Exploring The Insurance Space

What should companies wanting to enter the space think about?

Be mindful of the trade-offs you face when originating transactions, especially the trade-off between “customer servicing” and owning the end customer. Will it be valuable enough for you to bear the cost of servicing a customer regularly if you can own the relationship, or are you going to build a platform based solely around volume?

Understand and Stay Compliant with Regulation
Like many ambitious startups trying to disrupt highly regulated industries, there can be a temptation to trailblaze first and check on regulations later. This puts your business at risk of setbacks, as companies like Relay Rides, now Turo, discovered. Turo faced an uphill battle with New York for not being compliant with insurance regulations necessitating licenses for the sale of third-party insurance policies, and faced a suspension of service because of it. Zenefits came under similar scrutiny and threat. Staying on top of regulations can be especially challenging — but important — when scaling a company quickly.

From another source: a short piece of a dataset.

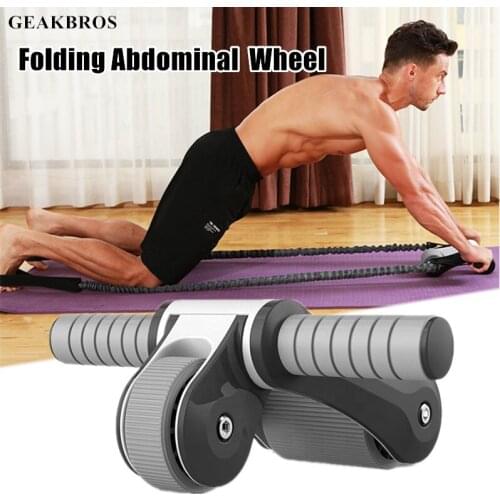 ABS Abdominal Wheel Exercise Roller with Knee Pads Foldable Fitness Roller Men Women Home Multifunctional Fitness Abdomen Roller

Luckily, Washington is beginning to call for more simple and consistent requirements for insurance regulation across the state and federal levels, but, for now, insurance is regulated on a state by state basis. This can increase the cost of expansion considerably for new entrants into the insurance space. When evaluating entrepreneurs in this space, we look for deep industry knowledge and a recognition that there’s little opportunity for one-size-fits-all innovation. Know all of the stakeholders for your product or platform, especially if you’re trying to innovate on the policy side. It may be a big market, but it isn’t an easy one.

Maximize Impact in the Value Chain
Do you want to be an agent or a carrier? It’s easier to get started as an agent, but, over time, there are greater margins to be made from being a carrier, especially at scale. For either option, how do you put your company in the best position to own the customer relationship? Being strategic around this increases your company’s leverage and defensibility.

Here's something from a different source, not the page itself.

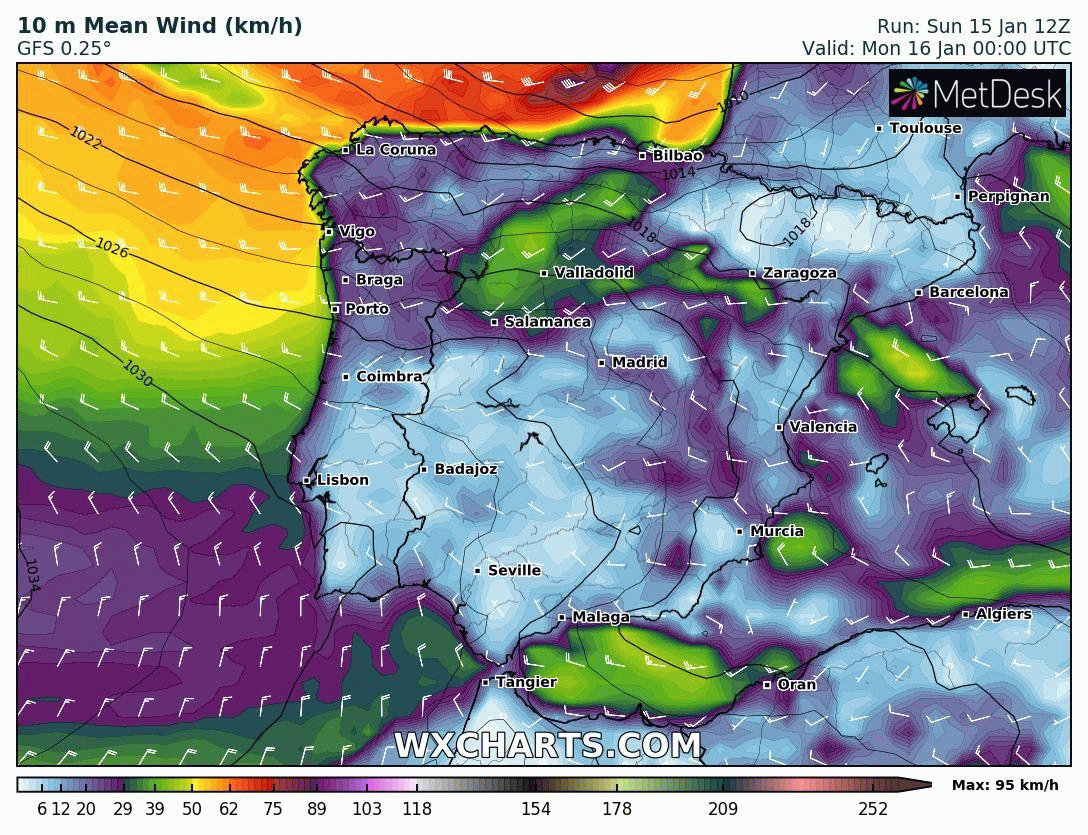 Animación Modelos de Altura de Geopotencial a 300 hPa GFS Europa. Meteosojuela La Rioja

Traditional carriers, as well as entrepreneurs, have an important role to play in improving insurance for consumers.

Web apps have historically been 10-100x worse agents at cross-selling other products, and we believe this is because they have a hard time building a relationship with the customer. Even with a digital interface, when you own the relationship with the customer, you can have frequent but non-intrusive interactions that allow you to be there at important life events and capture “opportunity-driven” customers at a low CAC.

Recognize, also, that there are many access points along the value chain for innovative solutions for some of traditional insurance’s stickier and more costly problems. Application of blockchain technology for insurance is a perfect example of this, and will be hugely lucrative for companies that can create solutions for insurers, even though they won’t be a part of the agent versus carrier dichotomy.

Traditional carriers, as well as entrepreneurs, have an important role to play in improving insurance for consumers. Many are already taking steps to improve their processes, and those looking to stay relevant and keep customers should be thinking ahead.